— Почему ты помог?
— Решил сам тобой заняться, — костяшками пальцев Роман прикасается к скуле. Окидывает меня взглядом, как свою собственность.
Мне не нравится это ощущение.
Я в его власти, а это развязывает мужчинам руки. Подбородок начинает дрожать.
Потому что он трахнуть меня решил. А не другим позволить это сделать. Но странно что это произошло одновременно: смерть Златы, наше свидание. Как будто левая рука не знает, что делает правая. Они все играют на одном поле, но по-разному. Или это делают разные люди… вот только требования к Яну у них одинаковые.
Я не понимаю правил игры.
И это пугает.
Я знаю только, что Злата их тоже не понимала и оказалась в земле.
— Поспи, если хочешь, — он завязывает пояс халата. — Утром будем на месте.
— Где — на месте?
— Там, где Яну предъявят требования о выкупе.
— И как вы его заставите это сделать? Снова снимите компрометирующее видео?
Этого я боюсь больше всего.
Наверное, даже больше, чем принуждения от Романа.

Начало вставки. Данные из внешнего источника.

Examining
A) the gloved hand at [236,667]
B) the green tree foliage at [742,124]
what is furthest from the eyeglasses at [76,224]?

Это он сделает хотя бы один на один…
— Хочешь заставлю их убрать?
— Что? — хмурюсь я.
— Видео уберут и больше не будут выкладывать, — он сдвигает в сторону панель на стене, за которой обнаруживается сейф.

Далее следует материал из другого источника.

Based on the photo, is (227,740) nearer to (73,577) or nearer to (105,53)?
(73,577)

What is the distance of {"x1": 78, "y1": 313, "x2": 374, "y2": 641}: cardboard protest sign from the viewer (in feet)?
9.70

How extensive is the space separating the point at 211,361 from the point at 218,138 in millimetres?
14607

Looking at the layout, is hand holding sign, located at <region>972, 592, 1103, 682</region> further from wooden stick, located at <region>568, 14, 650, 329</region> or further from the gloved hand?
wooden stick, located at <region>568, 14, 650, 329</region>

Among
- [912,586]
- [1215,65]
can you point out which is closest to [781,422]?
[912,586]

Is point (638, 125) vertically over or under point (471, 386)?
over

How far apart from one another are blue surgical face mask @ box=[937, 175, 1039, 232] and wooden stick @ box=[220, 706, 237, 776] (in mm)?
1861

Вводит код и достает телефон.
— Здесь нет связи…
— Это спутниковая связь, дорогая. Она есть везде, — слежу, как он набирает номер. — Интимные съемки Веры Горской больше не распространять. Удалите, что есть.
Он думает я поверю?
Роман возвращается к столу, на котором я съежилась. Он так и не застегнул купальник, и я придерживаю верх. Опускаю взгляд, потому что ощущаю себя слабой… А еще мне стыдно.
— Ты их видел? — шепчу я.
— Их все видели, — он направляется к двери, забрав телефон с собой. — Спокойной ночи.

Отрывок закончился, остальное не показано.